When Thurman was elected to Congress in 1844, he became the youngest member of
the House of Representatives. As a Democrat, he held party positions on tariff,
land, and expansion policies, and supported the Polk administration's Mexican
War. He sided with the Whigs, however, on the issue of internal improvements.
His racial prejudice led him to favor the unsuccessful Wilmot Proviso, which
would have banned slavery from any territory gained from Mexico, and to oppose
the repeal of the Missouri Compromise prohibition on slavery north of 36' 30°.

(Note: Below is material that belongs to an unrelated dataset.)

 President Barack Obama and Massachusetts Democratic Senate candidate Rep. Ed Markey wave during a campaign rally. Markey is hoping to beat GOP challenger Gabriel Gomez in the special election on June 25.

Like many of his constituents, he wanted to reserve the western territory for
the settlement of whites. Thurman decided not to run for reelection, and
returned to his private law practice. In 1851 he was appointed to the state
supreme court and served for five years, one as chief justice, before returning
to his law practice.
During the Civil War, Thurman criticized Lincoln administration policies,
especially emancipation and violations of civil liberties. He supported the war
effort, but encouraged political compromise and a peaceful settlement. In 1867
he ran for governor as an opponent of black manhood suffrage, but lost narrowly
to Rutherford B. Hayes. The next year, however, the Democratic state legislature
elected Thurman to the U.S. Senate, where he was a strong voice against the
Reconstruction policies of the Republican party. During the electoral college
crisis of 1876-1877, he helped forge the solution of creating a commission to
resolve the controversy. On monetary policy, Thurman took a hard-money,
anti-national bank position beginning in the antebellum period, but by the 1870s
he opposed both the resumption of specie payments (i.e., money redeemable in
gold) and the expansion of paper currency ("greenbacks") in the money
supply.
Thurman was elected president pro tempore of the Senate before the Ohio
legislature, now in Republican hands, replaced him with John Sherman in 1881.
Ohio Democrats nominated him as a favorite-son candidate for president in 1876,
1880, and 1884. In 1888 Grover Cleveland chose the aging Thurman to be his
vice-presidential running-mate, hoping he would appeal to conservative
Midwesterners. While Cleveland's popular percentage was higher than in 1884, the
Democratic ticket lost in the electoral college.